Nos deparamos então com uma enorme pedra e o pessoal avistou um grampo no alto. Tentamos subir de alguma forma, mas não conseguimos. Comecei a contornar a pedra para a direita, tentando achar alguma passagem e fui vendo que a pedra ia ficando cada vez mais alta e íngreme. Ao escutar o resto do grupo perguntando se era aquele o caminho, disse que ainda não havia achado, pois não tinha certeza ainda. Finalmente achei uma fenda e comecei a subir para a esquerda, mas passei por alguns caminhos bem difíceis.

 

       Os preparativos para esta aventura começaram cedo, sempre falávamos nesta subida e comecei a estudar sobre o lugar. Eu procurei muito por cartas topográficas do lugar, por ter lido que mesmo pessoas experientes costumam se perder nessa região. Compramos algumas coisas também como, toucas ninja e gorros de lã, luvas, isolantes térmicos, pois outra coisa que nos assustava era o frio que fazia naquele lugar.

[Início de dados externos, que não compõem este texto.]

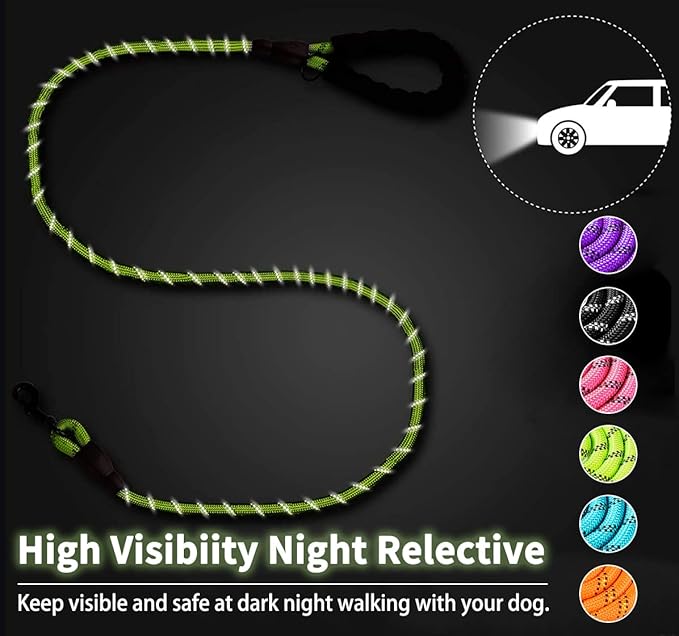 COOYOO 2 Pack Dog Leash 6 FT Heavy Duty - Comfortable Padded Handle - Reflective Dog Leash for Medium Large Dogs with Collapsible Pet Bowl Set 6-Black+Green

       O grupo partiu as seis da manhã de sexta com sete pessoas: Eu, Luizão, Filipi, Rafael, Xanda, Marcelo e Abdon. Nenhum de nós conhecia o lugar. Eu e Rafael chegamos a mandar emails para a direção do Parque pedindo informações, mas recebemos algumas respostas que não ajudaram nada. Para o Rafael informaram que a trilha estava fechada e para mim aconselharam a ir com um guia, pois o caminho era difícil e perigoso. Difícil, sempre é, parece que as coisas nunca são fáceis para nós.

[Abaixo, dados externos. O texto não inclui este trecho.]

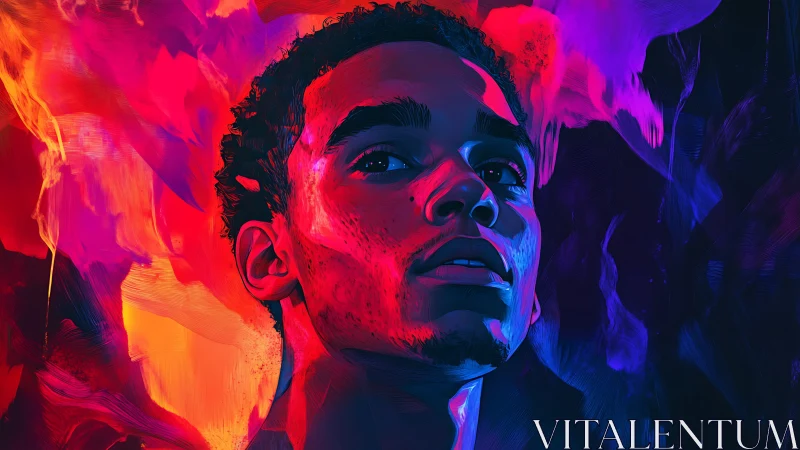 Digital portrait of person in intense red and blue lighting.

       Quando chegamos no começo da estrada de terra para a parte alta do parque o frio já nos impressionou. No Rio devia estar uns 32 graus e lá estava já com uns 18 (eu levei um multímetro que marcava a temperatura). Ali parece que é a parada para os que chegam colocarem os casacos e o que partem tirarem. Compramos pinhão, doces e continuamos por 17 quilômetros de estrada de pedras – não é de terra não! O ideal é que se vá com um Jipe ou Pickup, porque meu carro voltou cheio de barulho de tanto arrastar o fundo nos pedregulhos de até 30 cm de altura. Mas o caminho é lindo. Ao lado da estrada muitas pessoas acampavam em terrenos naturalmente gramados com riachos cristalinos e araucárias.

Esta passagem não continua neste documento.